Movie Diary: Mirrormask.

Oh hey, I almost forgot, I saw "Mirrormask" on Thursday. Not optimal viewing circumstances, specifically because I was falling asleep throughout the first half of the movie. I eventually woke myself up by chowing down on some overly sugary strawberry Whoppers candies, but there are still parts of the movie that are pretty unclear to me. I don't think it was nearly as big a deal with "Mirrormask" as it would have been with a lot of movies, though. To be honest, the plot struck me as incredibly cliched. It seems like every fantasy novel or movie aimed at the pre-teen set features the same basic plot (other than the Harry Potter series, which still contains some of these elements)--13 year old protagonist discovers doorway into alternate universe, must go on quest within alternate universe to save important alternate universe public figure in order to return home. Said quest generally ties in with the protagonist's real life, too. See "The Talisman," "The Wizard Of Oz," many many others. China Mieville's recent young adult novel "Un Lun Dun" actually pokes fun at many of these cliches, which is one of many reasons that I want to read it. But anyway, let's get back to talking about "Mirrormask." Specific details of cliched plot: Helena is a 12 year old British girl whose parents run a small-time traveling circus, and who grudgingly helps out with the circus as a juggler/errand girl, even though she'd rather be drawing most of the time. When not doing the circus, she and her family live in a totally grungy and bleak high-rise tenement building that looks straight out of a J.G. Ballard novel, and she papers the walls of her room with drawings of fantastic landscapes. One night, Helena's mother is taken ill during the circus, and is rushed to the hospital. She needs emergency surgery. The next day, Helena wakes up in an alternate fantasy world where she looks just like the Black Queen's daughter. Said Black Queen's daughter has apparently tired of her controlling mother, and used something called The Mirrormask to switch places with Helena and move into the real world, while pushing Helena back into her alternate fantasy world. Doing so has also caused the White Queen (who looks just like Helena's mom, as, for that matter, does the Black Queen) to fall into a coma. Now Helena must find the Mirrormask herself in order to set everything to rights.

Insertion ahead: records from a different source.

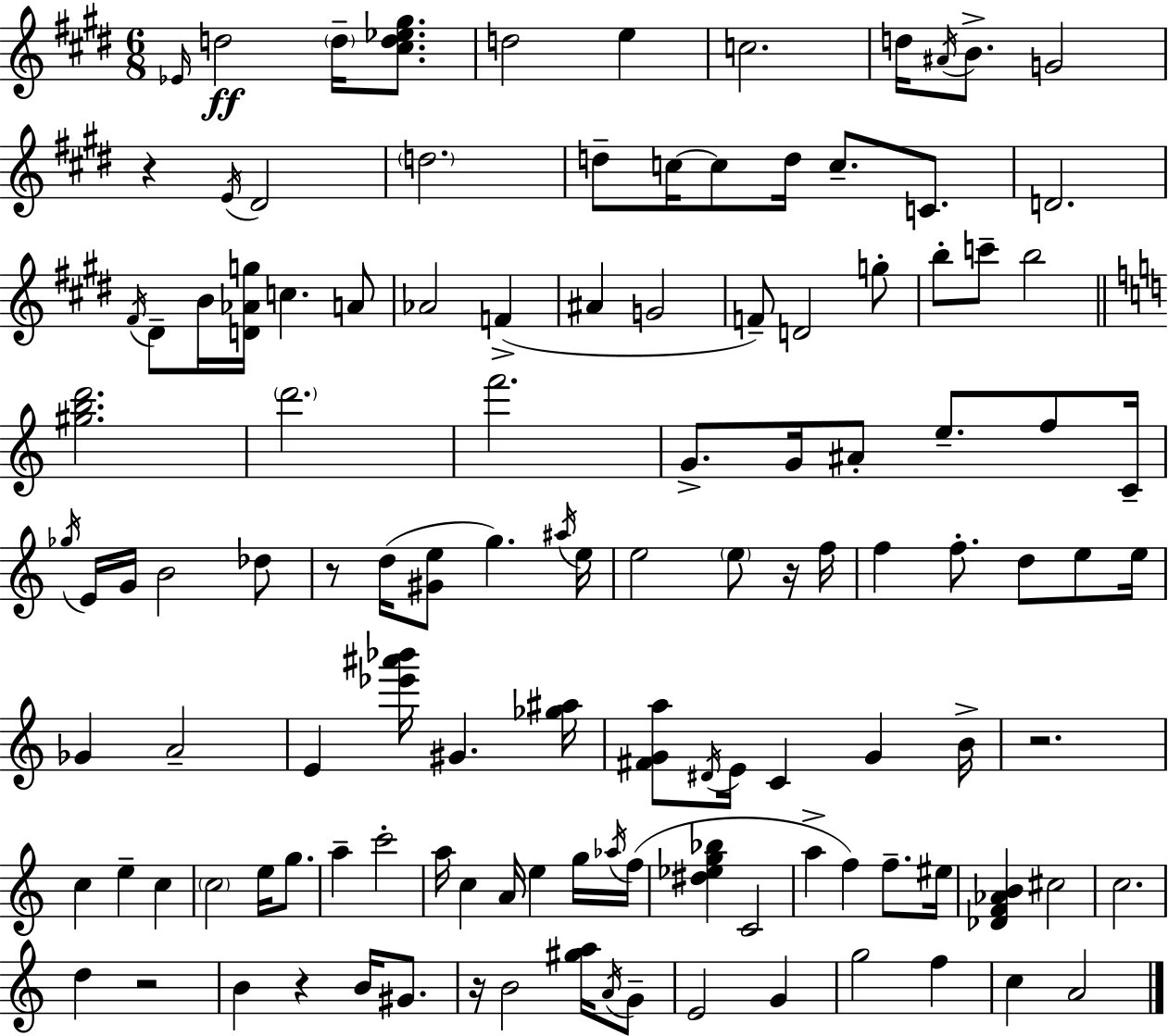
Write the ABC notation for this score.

X:1
T:Untitled
M:6/8
L:1/4
K:E
_E/4 d2 d/4 [^cd_e^g]/2 d2 e c2 d/4 ^A/4 B/2 G2 z E/4 ^D2 d2 d/2 c/4 c/2 d/4 c/2 C/2 D2 ^F/4 ^D/2 B/4 [D_Ag]/4 c A/2 _A2 F ^A G2 F/2 D2 g/2 b/2 c'/2 b2 [^gbd']2 d'2 f'2 G/2 G/4 ^A/2 e/2 f/2 C/4 _g/4 E/4 G/4 B2 _d/2 z/2 d/4 [^Ge]/2 g ^a/4 e/4 e2 e/2 z/4 f/4 f f/2 d/2 e/2 e/4 _G A2 E [_e'^a'_b']/4 ^G [_g^a]/4 [^FGa]/2 ^D/4 E/4 C G B/4 z2 c e c c2 e/4 g/2 a c'2 a/4 c A/4 e g/4 _a/4 f/4 [^d_eg_b] C2 a f f/2 ^e/4 [_DF_AB] ^c2 c2 d z2 B z B/4 ^G/2 z/4 B2 [^ga]/4 A/4 G/2 E2 G g2 f c A2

The plot is ridiculously predictable from there on, and I think I would have liked this movie a lot more if I hadn't been able to predict every single thing that happened. That said, the point of this movie seems to be less the story (written by Neil Gaiman) than the incredible artistic set design and direction by artist Dave McKean. And it is a beautiful movie. Helena finds that the world she's been transferred into is much like her own drawings, only more elaborate and colorful. In fact, whenever she finds a window and looks through it, she sees out of windows in her drawings, pasted on her walls, and can watch the Black Queen's daughter living her life, behaving like some sort of evil twin and screwing everything up. The landscape she travels through on her quest is fascinating to look at, but now, thinking back about the movie and trying to write about it, I keep getting hung up on the cliches of the plot. I know I enjoyed myself while I was watching this movie, but I feel like it wouldn't hold up to repeated viewings unless you were strictly watching it to look at the art. Since I tend to have more respect for the writing talents of Neil Gaiman than to think he would turn out cliched crap like this (an opinion that I know is not universally held), I can only figure that he was more writing this movie to showcase the visual talents of Dave McKean than because he'd had a brilliant idea for a story that he couldn't wait to write down. Apparently McKean helped with the original story concept, too, so who knows? Maybe the cliched elements were more McKean's idea. Either way, though, this is not a movie for people who go to movies to hear new and original stories. If you're someone who can sit through a thousand iterations of the same basic story idea and love them every time, and/or someone who can enjoy a movie for how it looks even if the story itself isn't that great (fans of Michel Gondry's "The Science Of Sleep," I'm looking at you), go ahead and give this one a whirl. Personally, though, I wasn't exactly impressed.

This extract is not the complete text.